People not taking Paxlovid experienced the viral rebound phenomenon only about two per cent of the time, the researchers at the Mass General Brigham hospital, Boston, US, found.
Paxlovid, which is a Nirmatrelvir-ritonavir therapy taken orally, has been previously studied to be effective in reducing hospitalisation and death in severe COVID-19 infections.
“We conducted this study to address lingering questions about Paxlovid and virologic rebound in COVID-19 treatment,” said corresponding author Mark Siedner, M.D., MPH, an infectious disease clinician and researcher in the Division of Infectious Diseases at Massachusetts General Hospital. “We found that the virologic rebound phenomenon was much more common than expected — in over 20% of people taking Paxlovid — and that individuals shed live virus when experiencing a rebound, implying the potential for transmission after initially recovering from the virus.”

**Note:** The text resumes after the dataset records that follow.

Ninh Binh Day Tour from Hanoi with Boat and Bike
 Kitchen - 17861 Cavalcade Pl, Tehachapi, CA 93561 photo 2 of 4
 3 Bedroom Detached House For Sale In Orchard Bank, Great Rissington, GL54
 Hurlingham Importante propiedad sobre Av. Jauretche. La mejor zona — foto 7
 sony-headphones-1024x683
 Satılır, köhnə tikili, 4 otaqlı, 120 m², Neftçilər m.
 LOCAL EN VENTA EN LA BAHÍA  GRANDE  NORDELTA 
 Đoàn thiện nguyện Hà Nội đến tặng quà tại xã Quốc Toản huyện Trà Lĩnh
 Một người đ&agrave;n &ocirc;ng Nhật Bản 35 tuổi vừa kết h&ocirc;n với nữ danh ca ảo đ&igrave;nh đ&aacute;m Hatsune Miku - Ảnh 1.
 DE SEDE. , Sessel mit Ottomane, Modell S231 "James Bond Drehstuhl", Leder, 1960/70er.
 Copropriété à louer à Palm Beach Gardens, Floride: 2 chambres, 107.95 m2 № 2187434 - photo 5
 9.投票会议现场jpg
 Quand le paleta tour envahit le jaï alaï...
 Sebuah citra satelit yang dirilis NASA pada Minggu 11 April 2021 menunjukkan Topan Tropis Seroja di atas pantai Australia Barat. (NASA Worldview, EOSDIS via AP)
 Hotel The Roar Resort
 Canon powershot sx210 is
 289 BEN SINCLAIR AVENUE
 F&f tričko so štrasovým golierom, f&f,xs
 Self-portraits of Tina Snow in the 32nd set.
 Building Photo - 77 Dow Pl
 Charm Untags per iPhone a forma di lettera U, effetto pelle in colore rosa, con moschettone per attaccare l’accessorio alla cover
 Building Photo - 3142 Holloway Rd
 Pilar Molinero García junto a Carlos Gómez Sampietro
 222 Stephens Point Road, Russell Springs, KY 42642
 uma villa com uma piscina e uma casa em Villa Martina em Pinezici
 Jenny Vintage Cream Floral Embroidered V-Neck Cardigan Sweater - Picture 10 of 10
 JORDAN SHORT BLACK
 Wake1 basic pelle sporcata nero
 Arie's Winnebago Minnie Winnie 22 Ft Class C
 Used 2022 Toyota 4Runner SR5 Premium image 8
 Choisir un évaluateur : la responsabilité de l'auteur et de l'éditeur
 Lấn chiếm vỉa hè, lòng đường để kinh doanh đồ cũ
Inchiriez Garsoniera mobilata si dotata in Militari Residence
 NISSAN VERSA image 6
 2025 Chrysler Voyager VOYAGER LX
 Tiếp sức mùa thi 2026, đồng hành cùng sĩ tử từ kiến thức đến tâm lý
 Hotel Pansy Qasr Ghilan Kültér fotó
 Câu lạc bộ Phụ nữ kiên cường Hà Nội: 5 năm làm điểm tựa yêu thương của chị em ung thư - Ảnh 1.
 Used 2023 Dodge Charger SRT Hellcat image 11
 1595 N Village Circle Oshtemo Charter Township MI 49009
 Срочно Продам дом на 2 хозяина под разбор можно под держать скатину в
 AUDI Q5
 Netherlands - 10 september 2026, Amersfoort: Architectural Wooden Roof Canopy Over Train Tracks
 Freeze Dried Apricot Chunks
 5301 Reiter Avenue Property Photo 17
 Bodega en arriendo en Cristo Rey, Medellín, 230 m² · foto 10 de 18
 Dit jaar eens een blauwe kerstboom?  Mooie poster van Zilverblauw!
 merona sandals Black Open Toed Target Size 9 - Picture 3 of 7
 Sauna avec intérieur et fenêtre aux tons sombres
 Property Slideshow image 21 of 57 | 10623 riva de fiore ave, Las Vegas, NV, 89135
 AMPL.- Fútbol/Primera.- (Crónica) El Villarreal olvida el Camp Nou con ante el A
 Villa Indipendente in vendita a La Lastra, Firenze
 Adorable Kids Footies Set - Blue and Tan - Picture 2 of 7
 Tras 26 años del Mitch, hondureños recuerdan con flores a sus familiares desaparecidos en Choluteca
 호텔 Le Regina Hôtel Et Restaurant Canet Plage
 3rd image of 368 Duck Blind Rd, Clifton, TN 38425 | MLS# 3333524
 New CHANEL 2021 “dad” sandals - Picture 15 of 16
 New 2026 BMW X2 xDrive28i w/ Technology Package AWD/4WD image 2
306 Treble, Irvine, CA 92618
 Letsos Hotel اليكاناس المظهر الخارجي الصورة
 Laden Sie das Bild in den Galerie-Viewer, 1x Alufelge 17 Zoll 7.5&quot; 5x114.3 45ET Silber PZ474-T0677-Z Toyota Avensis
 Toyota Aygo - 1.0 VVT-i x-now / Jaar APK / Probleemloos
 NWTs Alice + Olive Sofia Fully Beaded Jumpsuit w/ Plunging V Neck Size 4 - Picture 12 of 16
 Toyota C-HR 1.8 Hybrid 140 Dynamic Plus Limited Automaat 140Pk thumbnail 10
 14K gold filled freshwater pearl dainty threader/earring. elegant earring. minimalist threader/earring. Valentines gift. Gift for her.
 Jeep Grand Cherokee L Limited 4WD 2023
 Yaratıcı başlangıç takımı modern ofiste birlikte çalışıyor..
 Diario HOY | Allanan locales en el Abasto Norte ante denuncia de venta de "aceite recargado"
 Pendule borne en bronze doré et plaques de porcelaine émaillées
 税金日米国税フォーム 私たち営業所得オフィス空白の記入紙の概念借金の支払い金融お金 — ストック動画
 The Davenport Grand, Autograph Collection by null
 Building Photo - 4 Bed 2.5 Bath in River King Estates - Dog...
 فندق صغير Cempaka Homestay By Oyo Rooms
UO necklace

This study, being an observational one and not a randomised clinical trial, could not ascertain if solely the use of Paxlovid caused the increased rebound rate in patients, the researchers said in their study published in the journal Annals of Internal Medicine.
However, they said that their findings should not discourage clinicians from prescribing the medication, but should prompt them to counsel patients about the risk for viral rebound and potential transmission while taking the medication and to advise them to re-test and isolate, should this happen. “Paxlovid remains a life-saving drug I prescribe to high-risk patients,” said co-senior author Jonathon Li, an infectious disease physician and researcher at the hospital. “This study, while informative, does not change the fact that this drug is very effective at preventing hospitalizations and death. Instead, it offers valuable insights to Paxlovid patients, helping them understand what to expect and how long they might be contagious,” said Li.
For the study, the researchers at the hospital-based research institute selected 142 individuals between March, 2022 and May, 2023 based on positive COVID-19 tests, medication prescriptions or physician referrals.
The team classified the participants as those taking a five-day Paxlovid regimen versus those not and tracked their viral loads and symptoms, cultured viral samples and also performed whole genome sequencing.
The researchers then separated the patients testing positive for Covid after previously testing negative and those exhibiting two consecutive increases in viral loads following an initial reduction as the ones experiencing ‘viral rebound’.
The ‘viral rebound’ group also experienced prolonged viral shedding – for an average of 14 days compared to less than 5 days in those not experiencing rebound – indicating potential contagion for much longer, the researchers said.
They now plan to investigate the possible biological mechanisms triggering or causing the rebound phenomenon associated with Paxlovid and determine if changing the regimen length could help combat this rebound effect, they said in their study.
The World Health Organization, in its recent update on treatment guidance for Covid patients, has recommended the use of nirmatrelvir-ritonavir in patients with “non-severe COVID-19 at high and moderate risk of hospital admission”.